## Given records

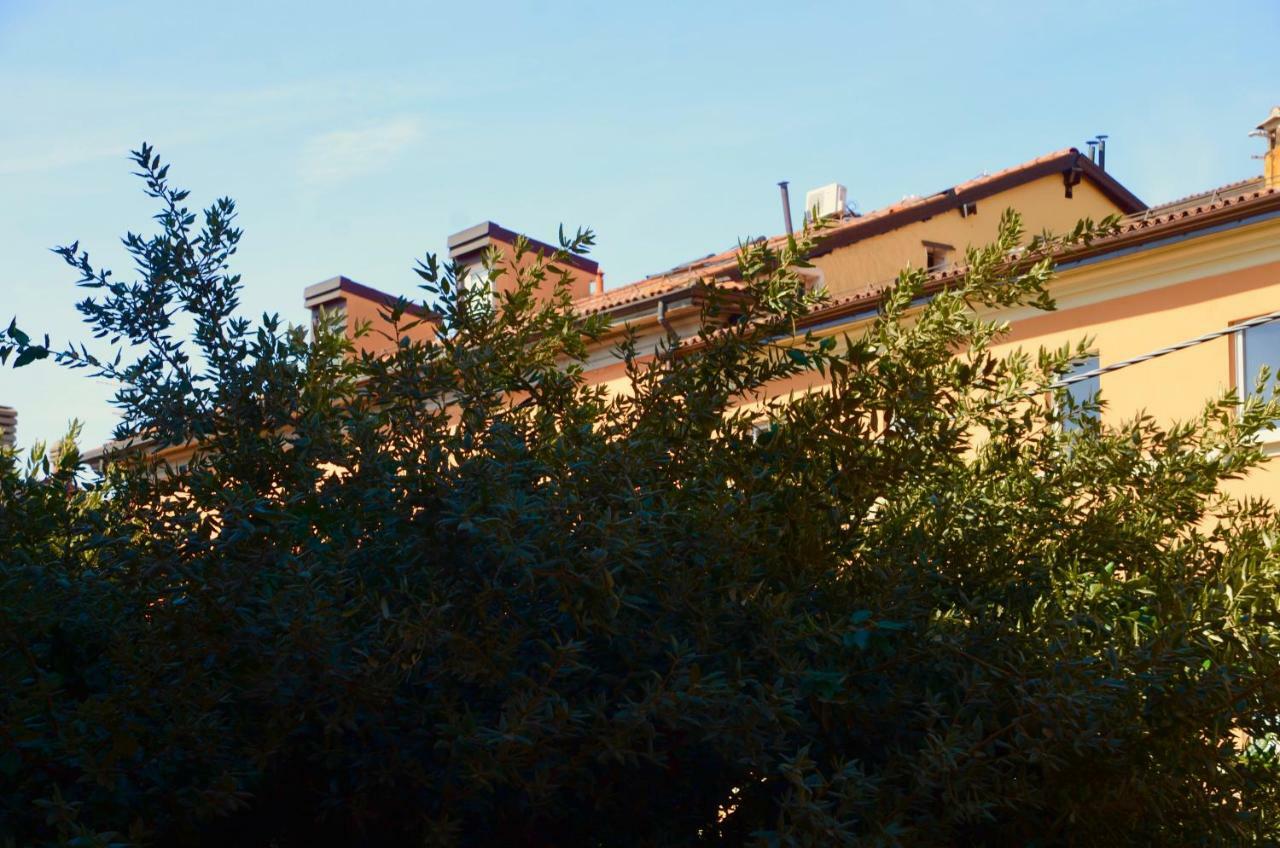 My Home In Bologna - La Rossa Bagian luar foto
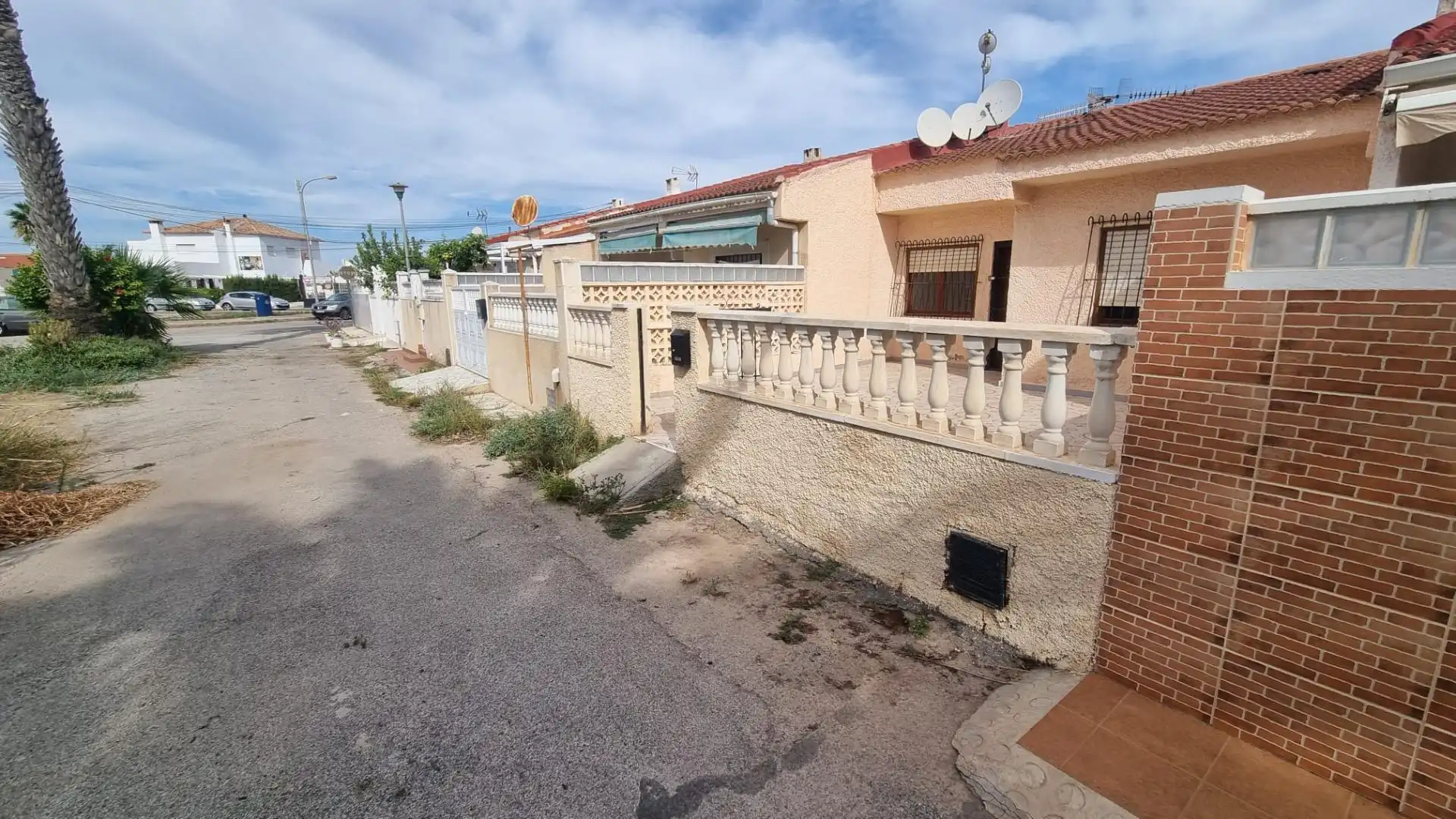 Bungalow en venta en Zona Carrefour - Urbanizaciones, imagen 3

==

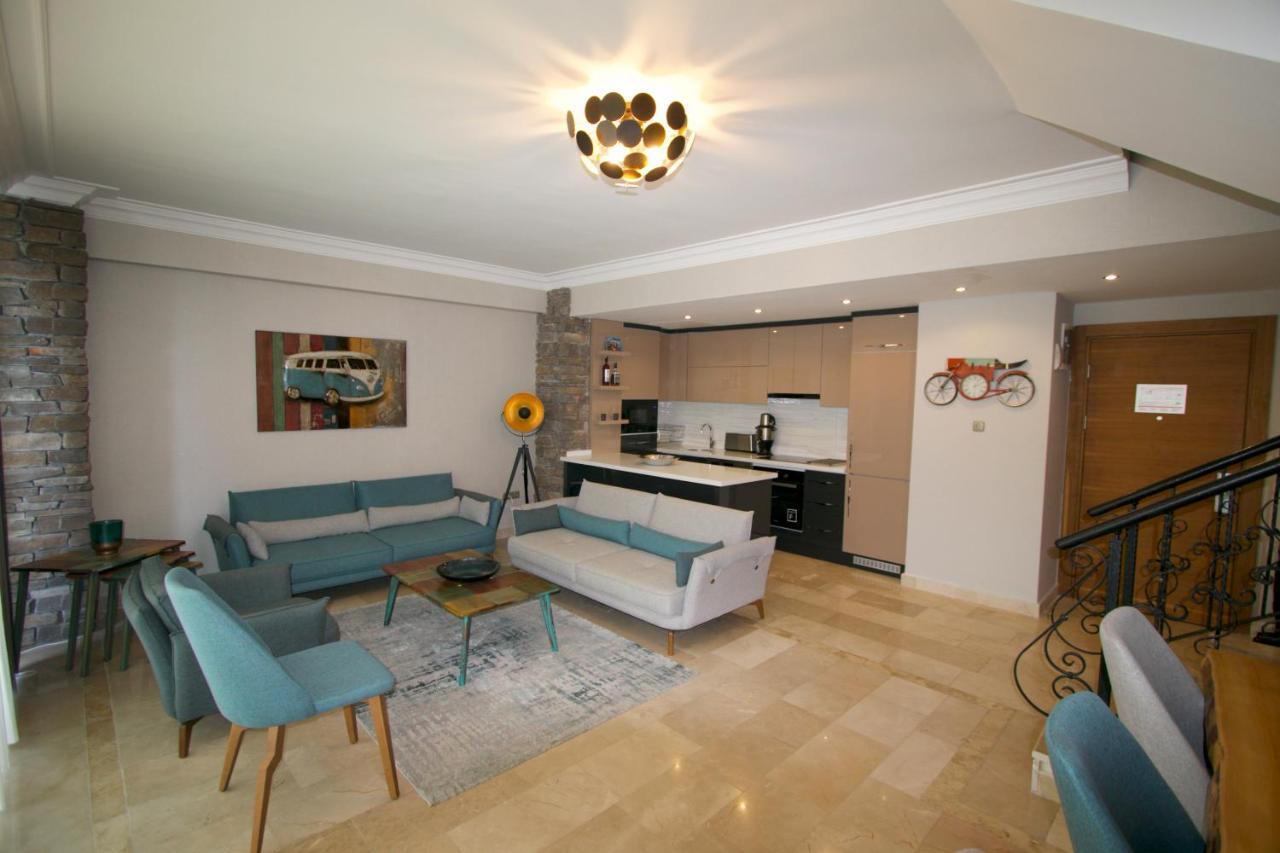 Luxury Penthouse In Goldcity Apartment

...

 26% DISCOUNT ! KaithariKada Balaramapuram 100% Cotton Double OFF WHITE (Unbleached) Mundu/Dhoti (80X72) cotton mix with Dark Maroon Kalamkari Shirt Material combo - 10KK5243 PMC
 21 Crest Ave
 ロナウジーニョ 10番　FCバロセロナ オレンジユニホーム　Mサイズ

## Requirement
In the records above, find the line with "21 Crest Ave"; write out exactly that line and each one after it, stopping after the line with "ロナウジーニョ 10番　FCバロセロナ オレンジユニホーム　Mサイズ".

## Written answer
 21 Crest Ave
 ロナウジーニョ 10番　FCバロセロナ オレンジユニホーム　Mサイズ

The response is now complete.